- _TASK_
Exclude the pictures. Transcribe, exactly as written, the lines from the one with "Northern Minnesota deputy, game" through the end of the entries below.

Records excerpted from a collection
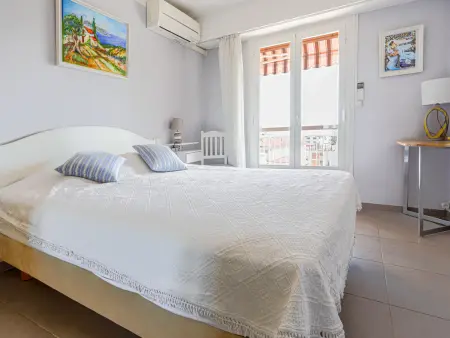 Appartement 2 chambres avec terrasse à Roquebrune Cap Martin : photo 12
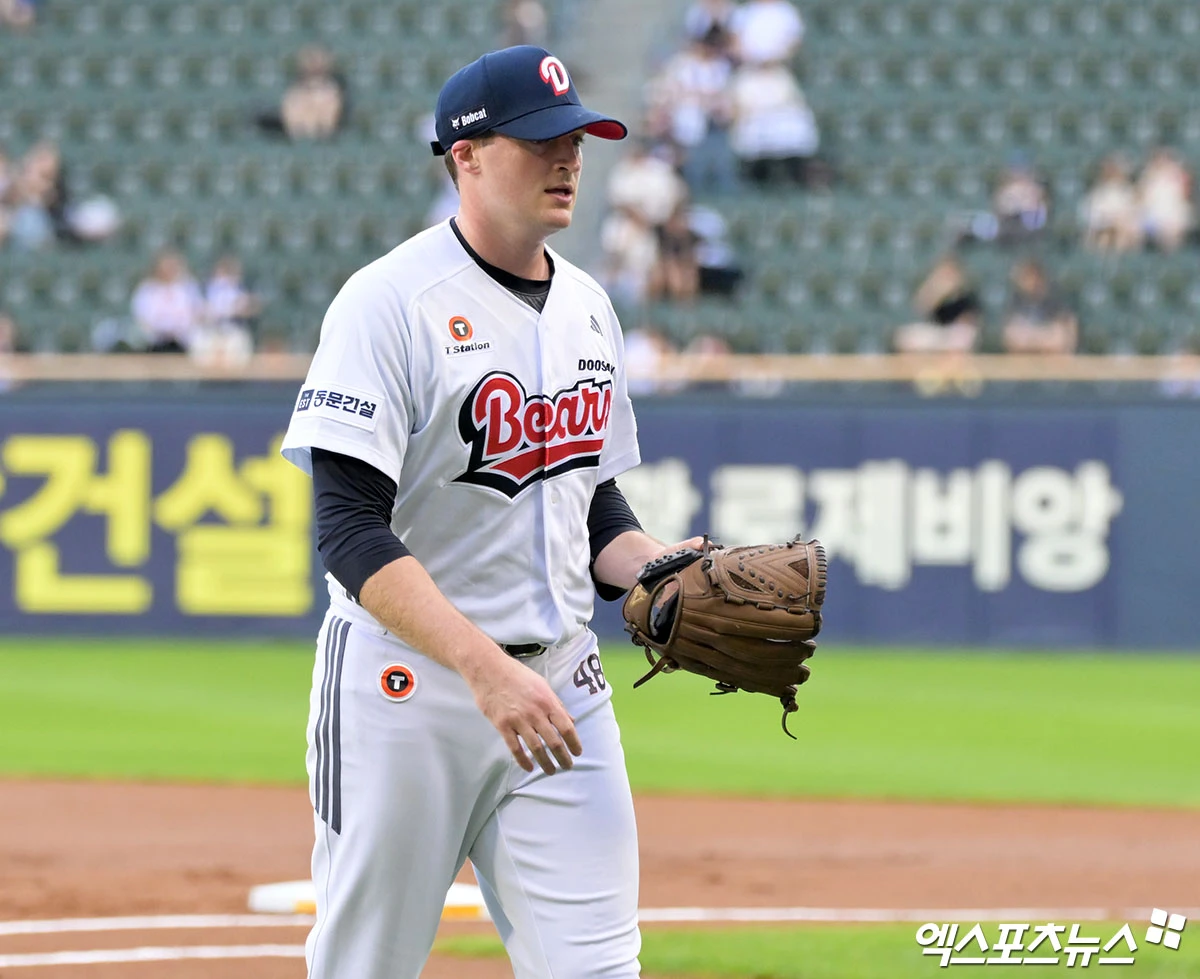 7일 오후 서울 송파구 잠실야구장에서 열린 '2026 신한 SOL Bank KBO리그' SSG 랜더스와 두산 베어스의 경기, 1회초 수비를 마친 두산 선발투수 벤자민이 더그아웃으로 향하고 있다. 잠실, 김한준 기자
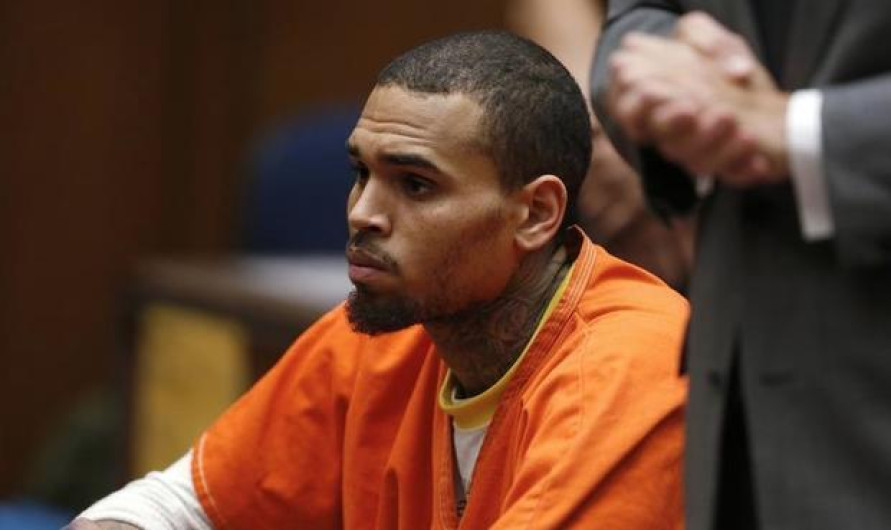 Detienen a Chris Brown en Paris por una presunta violación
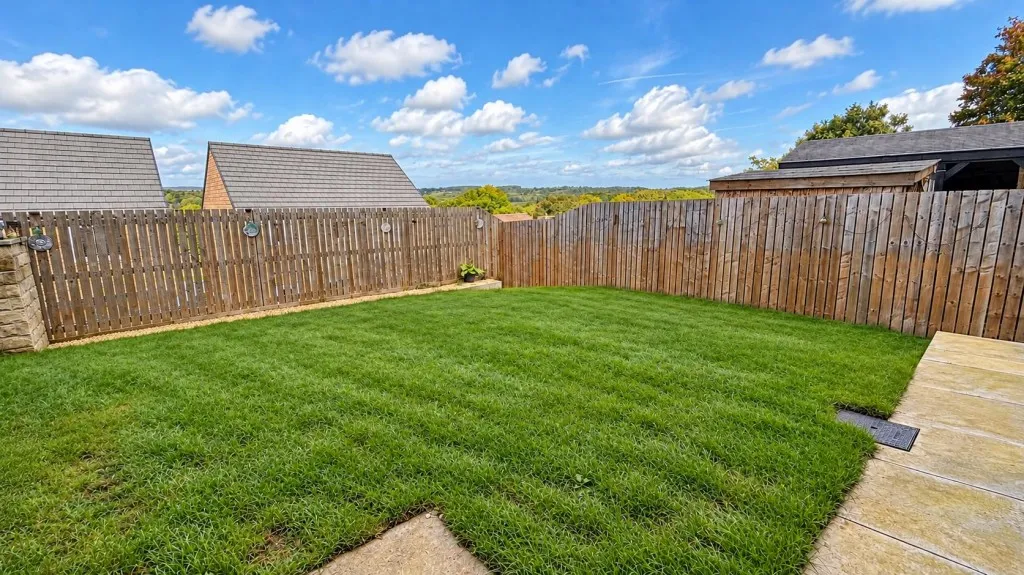 Burwell Rise, Thackley, photo 17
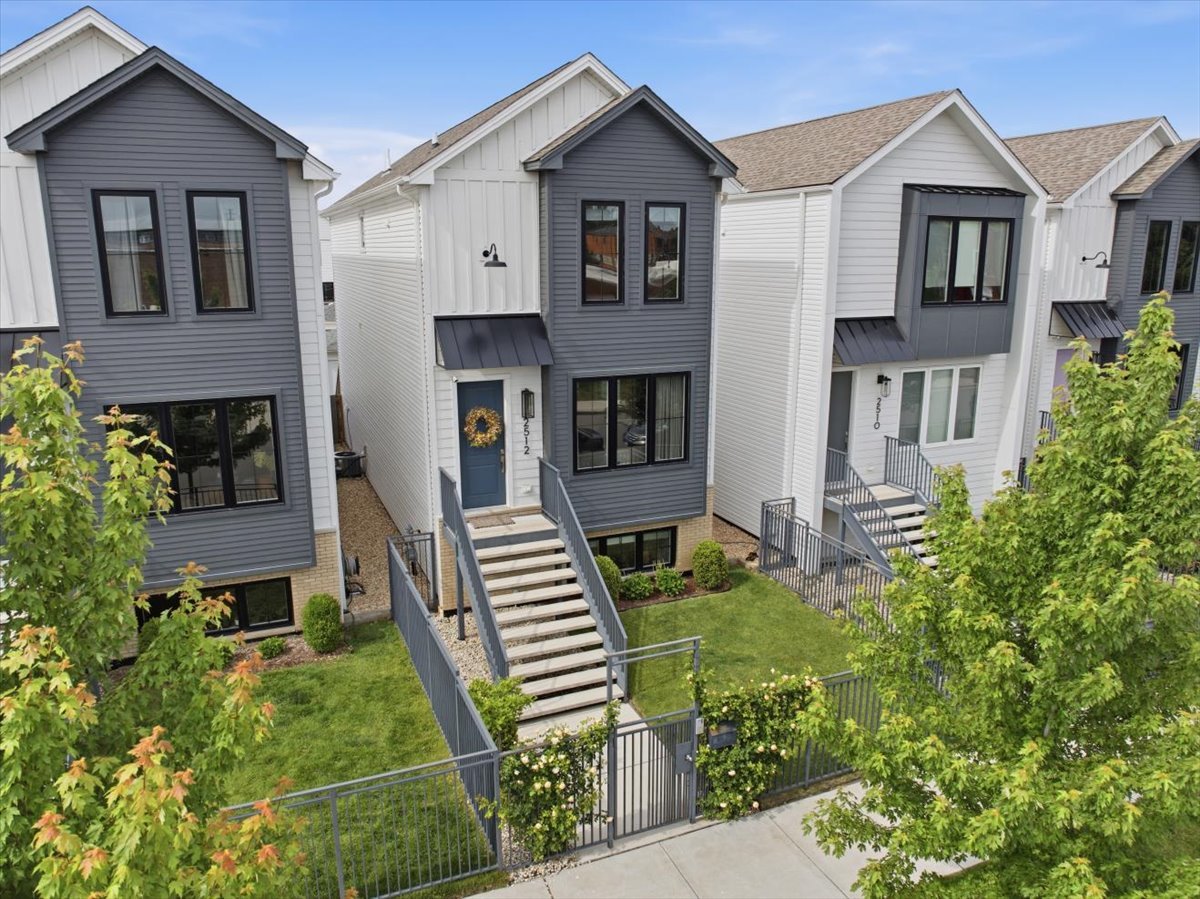 2512 W Polk Street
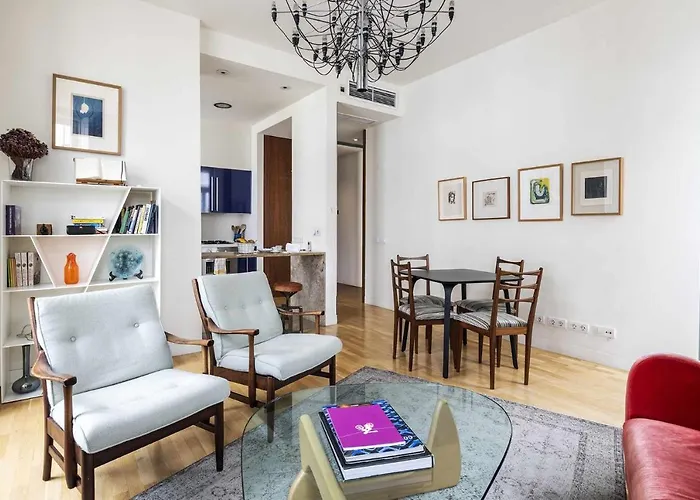 Italian Design In Principe Real Apartman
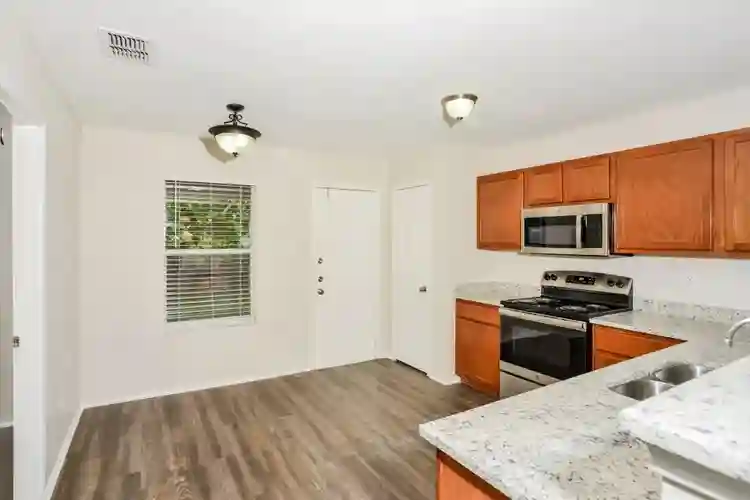 Spacious And Entire House Ready Now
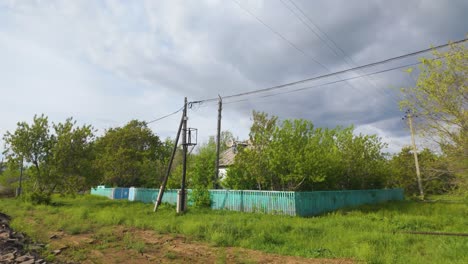 Ein-Ruhiger-Blick-Auf-Ein-Landhaus-In-Kasachstan,-Zentralasien---Luftaufnahme-Einer-Drohne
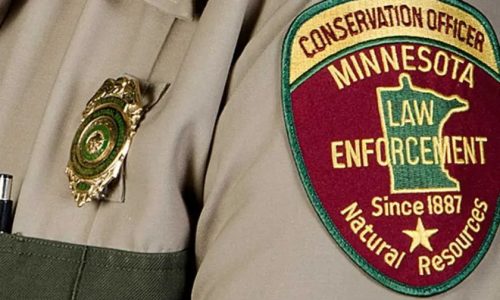 Northern Minnesota deputy, game warden witness baby born in seat of van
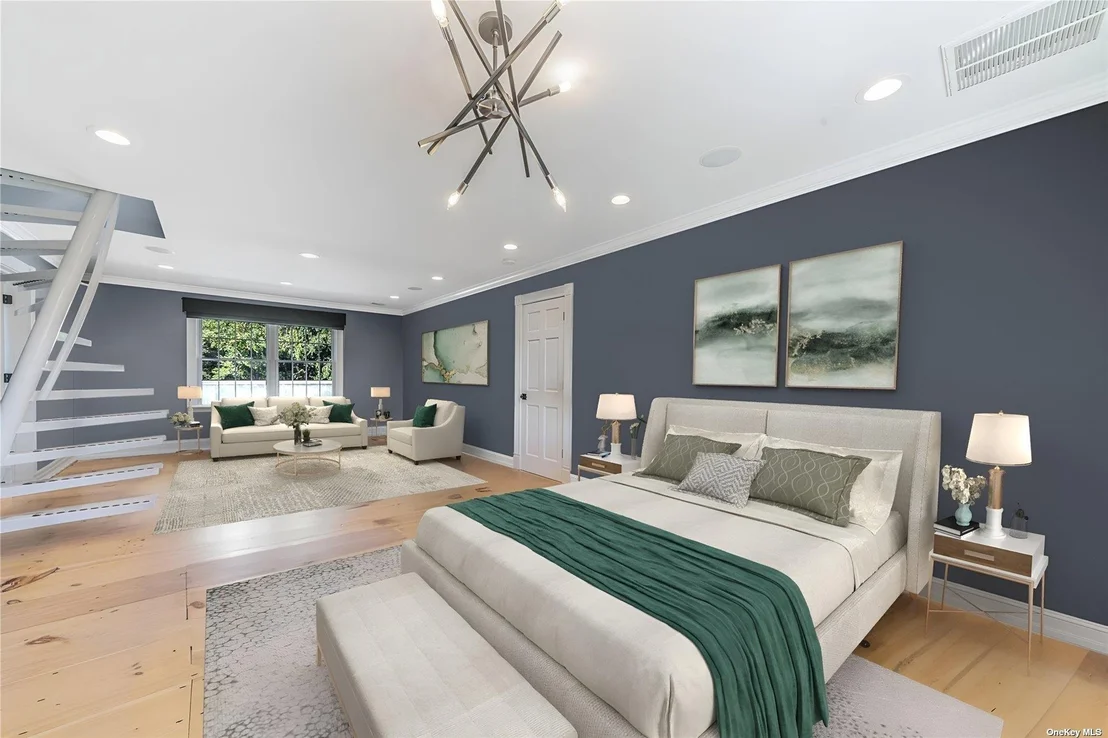 Photo of 300 Maple Street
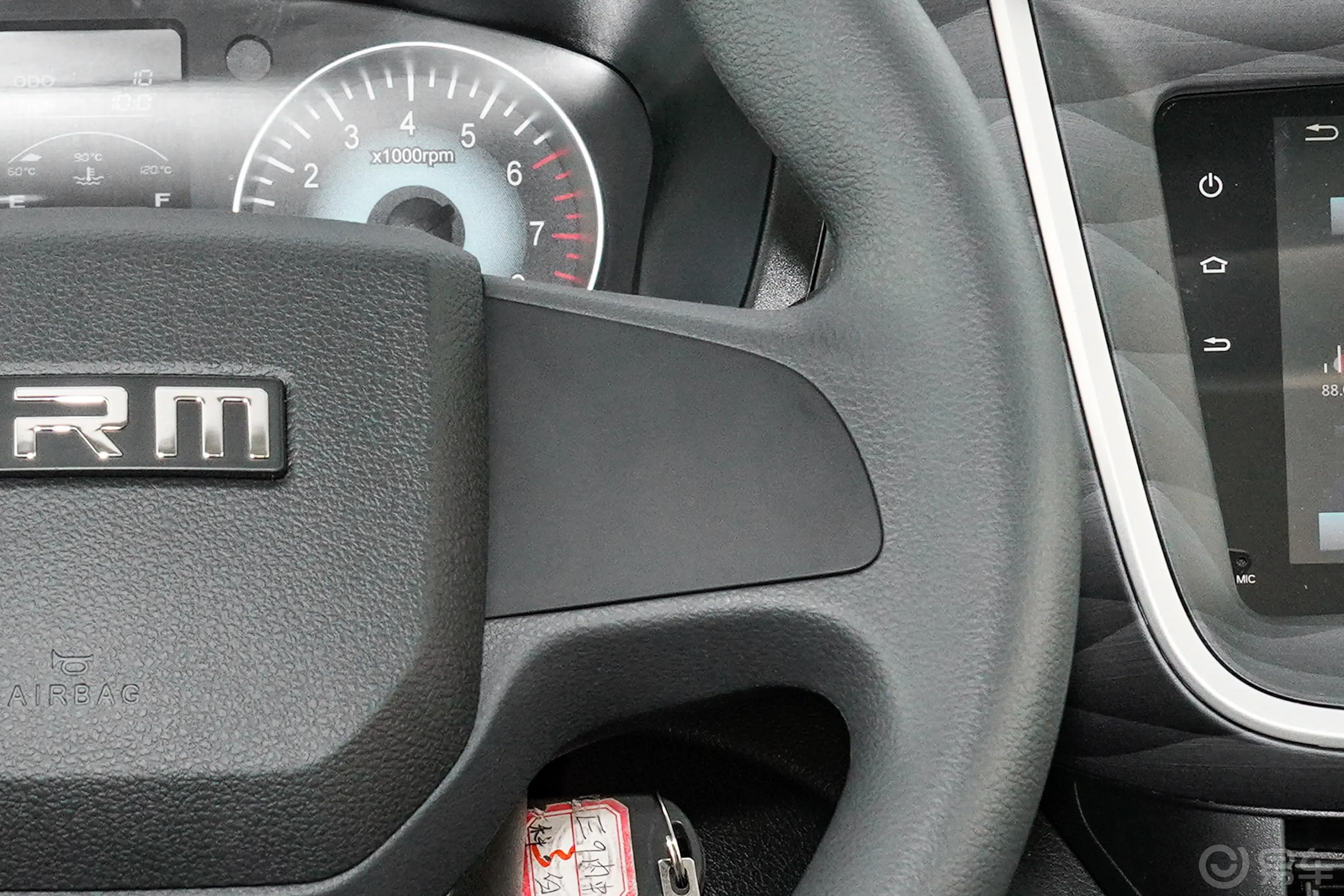 金海狮M经典旅行狮 1.5L 客车 7座右侧方向盘功能按键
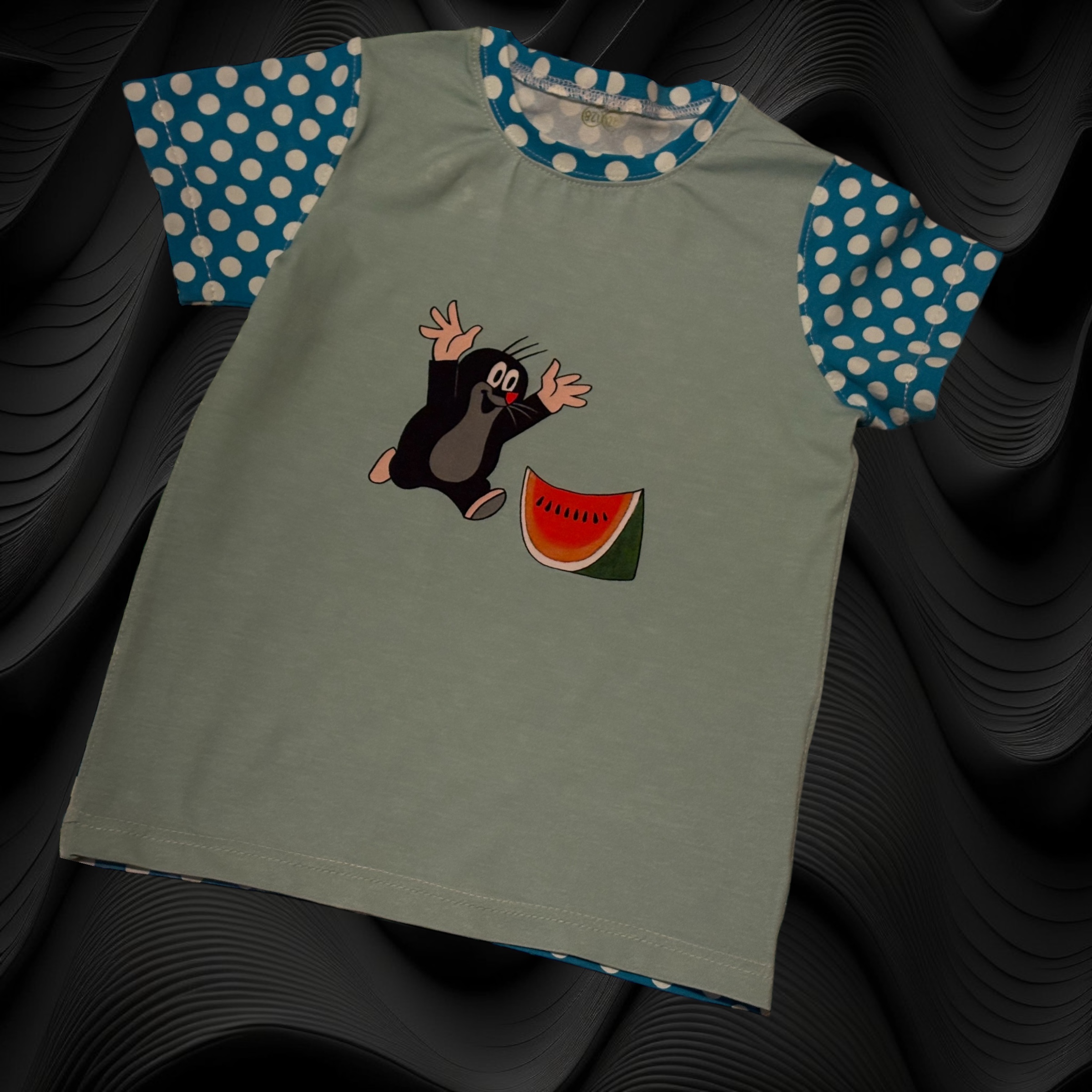 T-Shirt mit dem beliebten Maulwurf Pauli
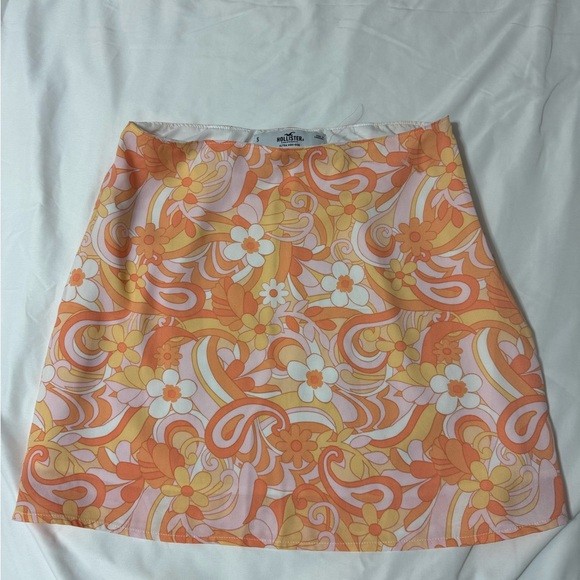 Hollister Mid Century Modern Orange Pastel Floral Mini Skirt | NWOT - Size Small - Picture 2 of 3
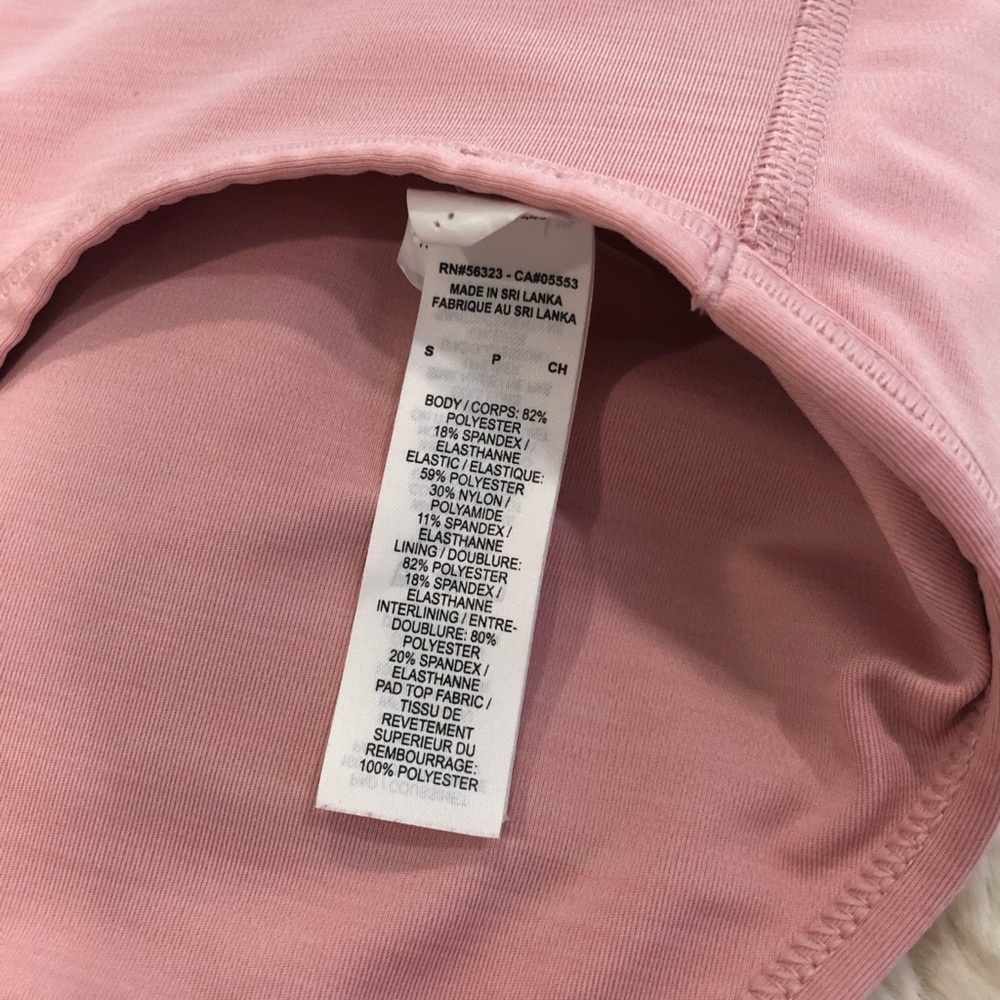 Gently worn Nike Small removable padding racer back sports bra - Picture 3 of 6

- _SOLUTION TO THE PROBLEM_
 Northern Minnesota deputy, game warden witness baby born in seat of van
 Photo of 300 Maple Street
 金海狮M经典旅行狮 1.5L 客车 7座右侧方向盘功能按键
 T-Shirt mit dem beliebten Maulwurf Pauli
 Hollister Mid Century Modern Orange Pastel Floral Mini Skirt | NWOT - Size Small - Picture 2 of 3
 Gently worn Nike Small removable padding racer back sports bra - Picture 3 of 6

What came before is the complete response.